Zarówno Grecy jak i Rzymianie, ale również ludy Bliskiego Wschodu, jako potomkowie Słowian, cenili bursztyn nie tylko ze względu na jego zdobnicze zastosowanie, ale również ze względu na przypisywane mu znaczenie religijne.

https://krysztalowywszechswiat.blogspot.com/2016/07/tajemnica-pochodzenia-etruskow.html


https://krysztalowywszechswiat.blogspot.com/2015/04/o-sowianskich-korzeniach-starozytnej.html


Najprawdopodobniej największe ilości bursztynu sprowadzano nie w celach zdobniczych, ale jako podstawowy składnik kadzideł używanych w obrzędach religijnych.
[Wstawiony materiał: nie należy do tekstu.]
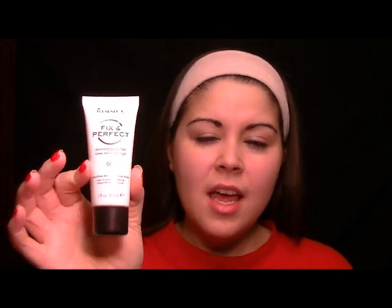The first thing I do is I prime my face quickly and I'm using the Rimmel Fix and Perfect Foundation Primer. It's not my favorite primer but it does have a little bit of color to it so it helps to even out my skin tone. It has like a peachy color — it's supposed to be color correcting a little bit but not really. It's just a little drugstore primer you can find at Walgreens or any drugstore. It's really affordable.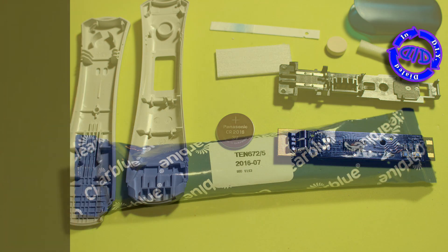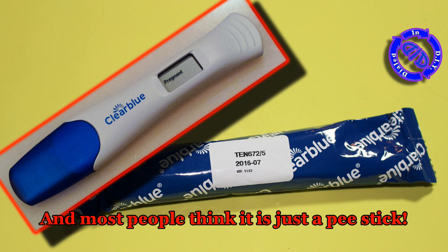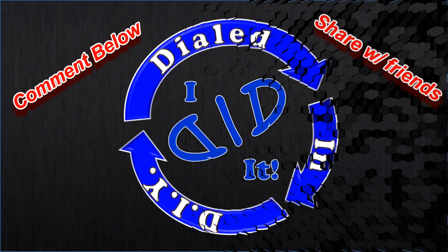As I'm sure you've seen, this little test that we might have thought was pretty simple actually is much more complicated. And to think, most people think it's just a pee stick. The picture above is an actual complete positive test result, but the one taken apart in this video was a clean unused test.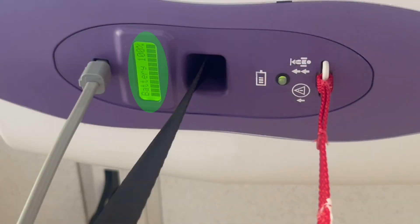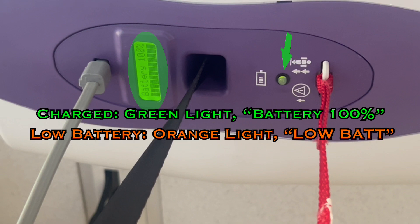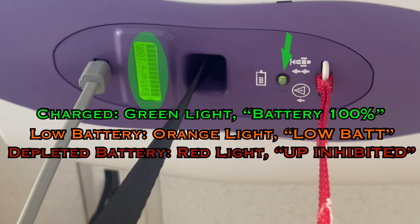There is a small screen that indicates battery life, and an indicator light on the lift that also shows battery status. If the battery is charged and the motor is disconnected from the charging dock, the light should be green and the screen should show a fully or mostly charged battery. If the battery drops below 25%, the light will turn orange, the screen will show a low battery message, and you will hear an intermittent alarm when you raise or lower the lift. If the battery becomes fully depleted, the light will be red, the screen will show 'up-inhibited,' and an alarm will sound any time you try to use the controls. If this happens, it will no longer lift up, but you can still mechanically release the patient to safely lower them to another surface.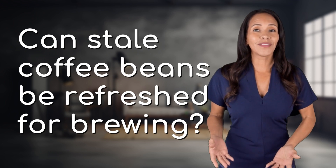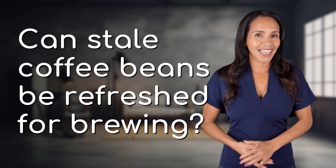Bringing you info at the speed of now — what's today's instant insight?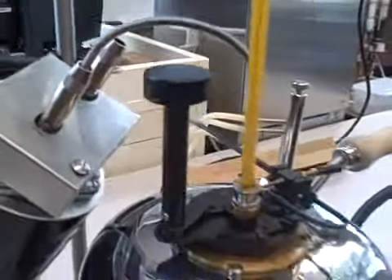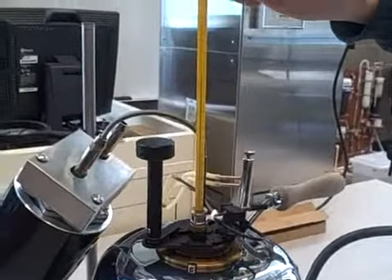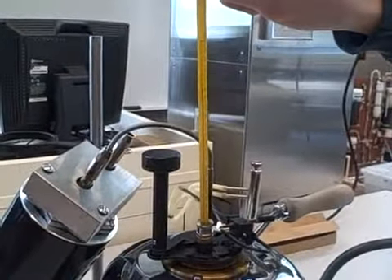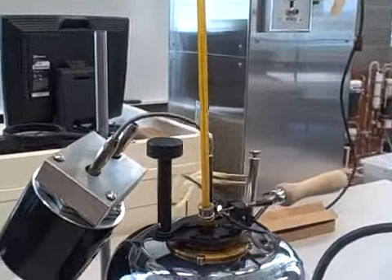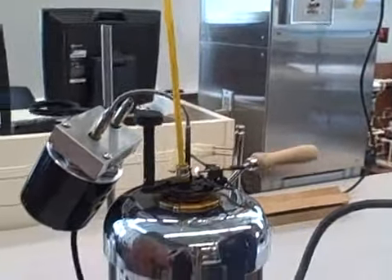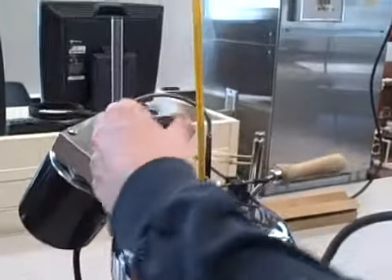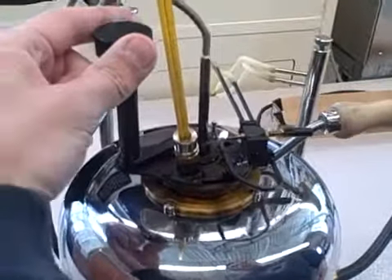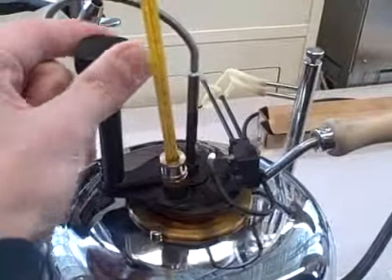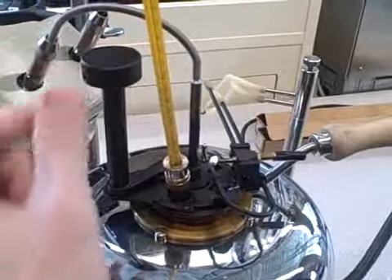Then you just want to keep watching the thermometer. Right now it's already been preheated — it's about 182 degrees. When you go to test the flame, turn the stirrer off, and you turn the knob which lowers the test flame into the cup, just a quick turn like that. And we did not have a flashpoint yet.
Ta religijna rola bursztynu znalazła swój wyraz również w samej jego nazwie.

Ten minerał występuje w języku polskim pod dwiema różnymi nazwami.

Nazwa bursztyn wyprowadzana jest do niemieckiego określenia Bernstein (co miało jakoby oznaczać „płonący kamień“).

Jako bardziej pierwotna znana jest jeszcze nazwa „jantar“. Polska Wikipedia przechodzi sama siebie w próbie wytłumaczenia źródłosłowia nazwy jantar. Słowianie mieli ją jakoby przejąć od Litwinów a ci z kolei od Fenicjan, u których Jantar nazywano słowem janitar.

Dlaczego Litwini mieliby przejąć to słowo od Fenicjan, skoro nie mogli mieć z nimi żadnych kontaktów, pozostanie tajemnica specjalistów od turbogermańskiej propagandy.

Jednak warto zatrzymać się trochę przy tych określeniach i zastanowić się, co one tak naprawdę oznaczają i jakie jest ich prawdziwe pochodzenie.

Na wstępie zaznaczam od razu, że oba określenia to typowo słowiańskie nazwy i z Niemcami a tym bardziej z Litwinami nie mają one nic wspólnego.

Zacznijmy od prostszego przypadku, od określenia Jantar.

Zauważmy, że w tym słowie możemy wydzielić dwie składowe „Jan“ i „tar“. Słowo „tar“ jest wyrazem pochodzącym od zniekształconego słowa „dar“.
Kluczowym elementem jest jednak zrozumienie znaczenia słowa „Jan“. Oczywiście słowo Jan jest nam znane jako popularne w Europie imię. Wmawia się nam jednak, że ma ono pochodzenie semickie. Jednocześnie nie sposób nie zauważyć tego, że jest ono również obecne w wierzeniach i religii słowiańskiej np. w formie powszechnie obchodzonego wśród Słowian święta przesilenia letniego zwanego Nocą Kupały lub też Sobótką. Z tym świętem związany jest zwyczaj palenia ognisk zwanych ogniami świętojańskimi.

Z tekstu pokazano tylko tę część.